上記乳幼児・小児が食物アレルギーを有すると判定するための具体的な方法としては、皮膚プリックテストや好塩基球活性化試験、公知のIgE検査法や、OFCにおいて、それぞれの方法における基準に基づきアレルギーを有するか否かを確定する方法を挙げることができる。
[IgE抗体価の測定]
上記IgE抗体の抗体価を定量的に測定する方法としては、上記公知のIgE検査法を含め、試料中のアレルゲンに対するIgE抗体を検出し、IgE抗体価を定量測定することができる方法であれば特に限定されないが、担体上で行う標識二次抗体を用いるELISA法を好適に挙げることができる。ELISA法における担体としては、市販のELISA用チップや、非特異的吸着が少ない点において有利であることから、担体の表面にカーボン層が形成されたチップや、ペプチドを固定するために有利であることから、化学修飾基が導入されたチップや活性化処理が行われたチップを挙げることができ、なかでもDCPチップを好適に挙げることができる。また、上記公知のIgE検査法としては、上記DCPチップを用いるDCP法、イムノキャップ法、アラスタット3g、イムノファストチェック、オリトンIgE等を例示することができる。なお、IgEの抗体価を算出する際には、検量線の精度の範囲でより高い精度で測定する観点から、血清等の血液試料を1~数十倍、好ましくは1.1~10倍、より好ましくは1.5~5倍に希釈したうえで、IgE抗体価を定量することも好ましく、その場合は、DCPチップを用いるDCP法等によって、IgE抗体価を測定後、血液試料の希釈倍率をかけて、最終的にIgE抗体価を決定する必要がある。
[DCP法]
上記DCP法において、対象の乳幼児・小児がアレルギーを有するかを判定する方法としては、対象の乳幼児・小児の血液試料におけるIgE抗体の産生の程度、すなわちIgE抗体価をもとに判定することができ、具体的には、アレルゲンによって値は異なるがオボムコイド(OVM)を例にすると、800BUe/mL以上、好ましくは1000BUe/mL以上である場合に、アレルギーを有すると判定する方法を挙げることができる。

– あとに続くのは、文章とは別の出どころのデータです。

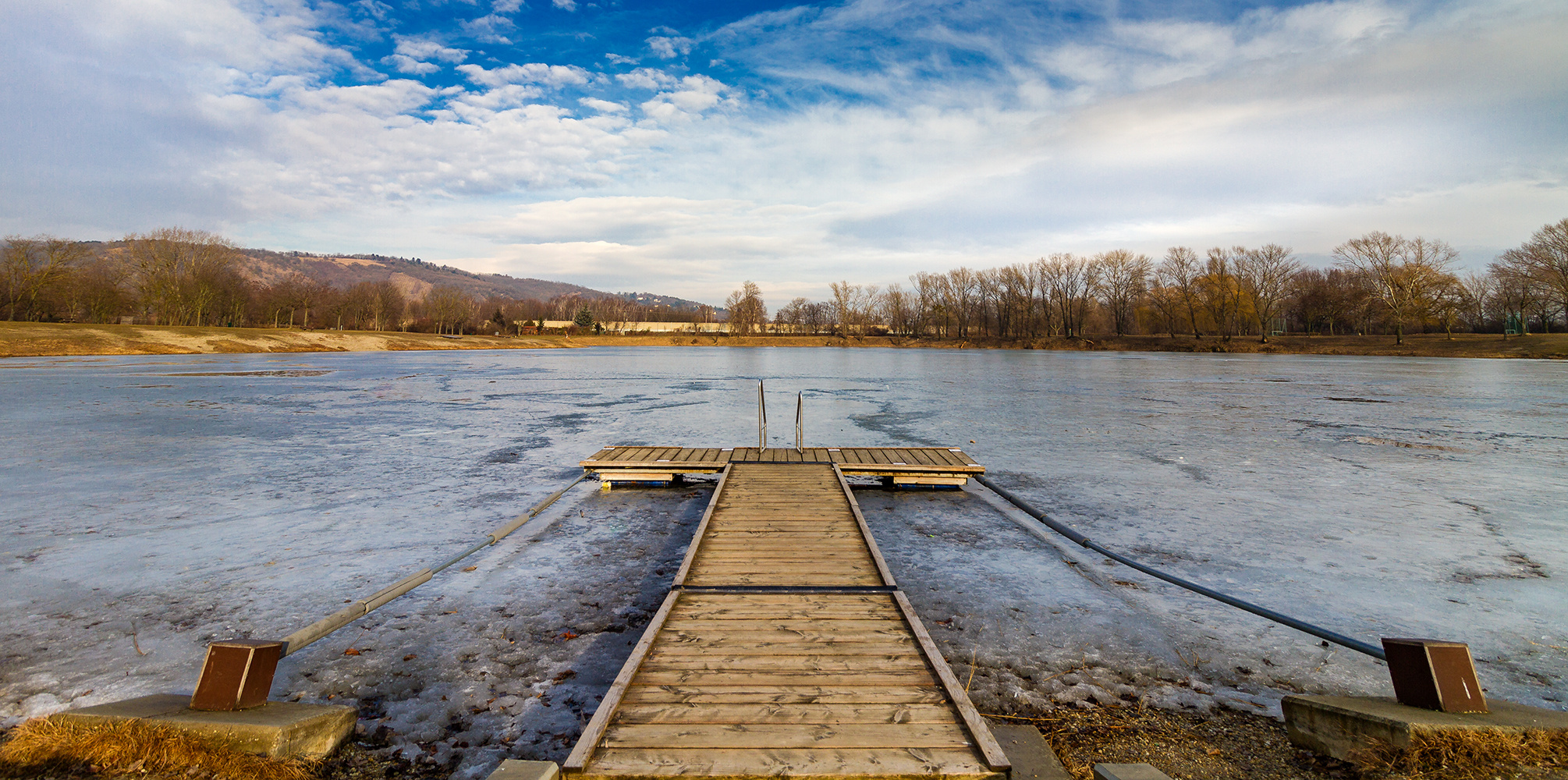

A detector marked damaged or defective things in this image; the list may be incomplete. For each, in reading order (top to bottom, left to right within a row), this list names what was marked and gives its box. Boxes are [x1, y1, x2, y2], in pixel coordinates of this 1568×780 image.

rusty metal post [192, 639, 285, 714]
rusty metal post [1385, 639, 1480, 714]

上記DCP法としては、DCPチップを用いてELISAによりIgE抗体を測定する方法を挙げることができ、上記DCPチップとしては、シリコン基板表面にカーボン層をDLC(ダイヤモンドライクカーボン)処理した基板の表面、又はガラススライドの表面に、アミノ基含有化合物かその重合体及び/又は共重合体を処理した静電層を施し、さらにジカルボン酸又は多価カルボン酸等を重ねて処理後、N-ヒドロキシスクシンイミド及び/又はカルボジイミド類で活性化したチップや、担体の表面や上記カーボン層に化学修飾基が導入されたチップや、さらに活性化処理が行われたチップなどを挙げることができる。

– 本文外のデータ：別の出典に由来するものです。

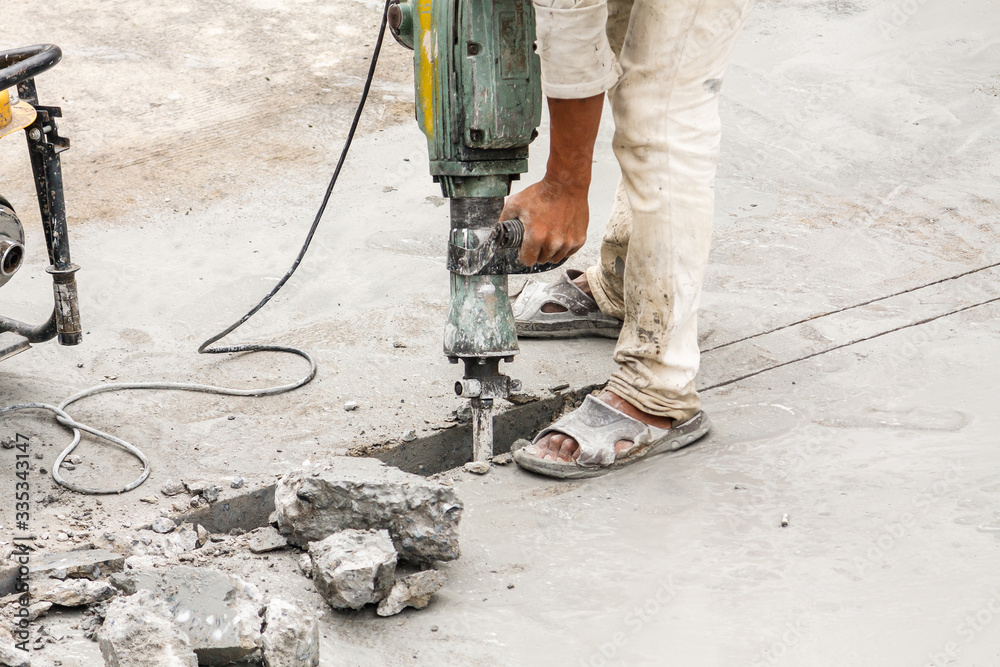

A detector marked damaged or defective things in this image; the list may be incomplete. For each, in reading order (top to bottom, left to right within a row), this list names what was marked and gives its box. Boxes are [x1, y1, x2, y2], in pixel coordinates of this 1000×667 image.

前記標識二次抗体としては、HiLyte Fluor 555、Atto532、Cy3、Alexa Fluor 555、Cy5、FITC、ローダミン等の蛍光標識二次抗体、ペルオキシダーゼ、アルカリホスファターゼ等の酵素標識二次抗体、磁気ビーズ標識二次抗体、赤外標識二次抗体、標識抗ヒトIgE抗体を例示することができる。上記二次抗体としては、抗体のFab断片やF(ab’)断片等も使用することができ、Fab断片は抗体をパパイン等で処理することにより、F(ab’)断片はペプシン等で処理することにより調製することができる。
[イムノキャップ法]
上記イムノキャップ法において、対象の乳幼児・小児がアレルギーを有するかを判定する方法としては、IgE抗体価が、0.35UA/mL未満をクラス0、0.35~0.69UA/mLをクラス1、0.70~3.49UA/mLをクラス2、3.50~17.49UA/mLをクラス3、17.50~49.99UA/mLをクラス4、50.00~99.99UA/mLをクラス5、100UA/mL以上をクラス6に分類し、クラス0は陰性であり、アレルゲン感作なし;クラス1は偽陽性で、アレルゲン感作はあるが、アレルギー症状は出ないレベルである;クラス2以上は、陽性であると判定する方法を挙げることができる。なお、IgE抗体価の単位「UA/mL」は、イムノキャップ法を開発したファディア社が独自に設定した、アレルゲンに対して産生されるIgE抗体価の単位であり、量としては、IU/mLと同じである。
[OFC]
上記OFCとは、小児アレルギー学会食物アレルギー委員会の「食物アレルギー診療ガイドライン2016ダイジェスト版 第7章」(https://www.jspaci.jp/allergy_2016/chap07.html)における定義によると、アレルギーが確定しているか疑われる食品を単回又は複数回に分割して摂取させ、症状の有無を確認する検査である。単回摂取、又は分割摂取させる対象の食品の総量を総負荷量という。摂取間隔及び分割方法の例としては、摂取間隔は20-60分で、1~2時間の中で1~5回に分けて漸増摂取することが提案されており、2回の場合は、60分ごとに総摂取量の1/4(1回目)、3/4(2回目)又は総摂取量の1/3、2/3;3回の場合は30―60分ごとに1/8、3/8、1/2;5回の場合は、20-40分ごとに1/16、1/16、1/8、1/4、1/2;6回の場合は、2/100、4/100、8/100、16/100、32/100、38/100;などを例示することができるが、乳幼児を対象とし、医師が立ち会うことが前提とはいえ、アナフィラキシーが発症する可能性が高い試験であるから、慎重に行うために回数をより多く、5回又は6回以上に分けて、徐々に負荷量を増加させることが好ましい。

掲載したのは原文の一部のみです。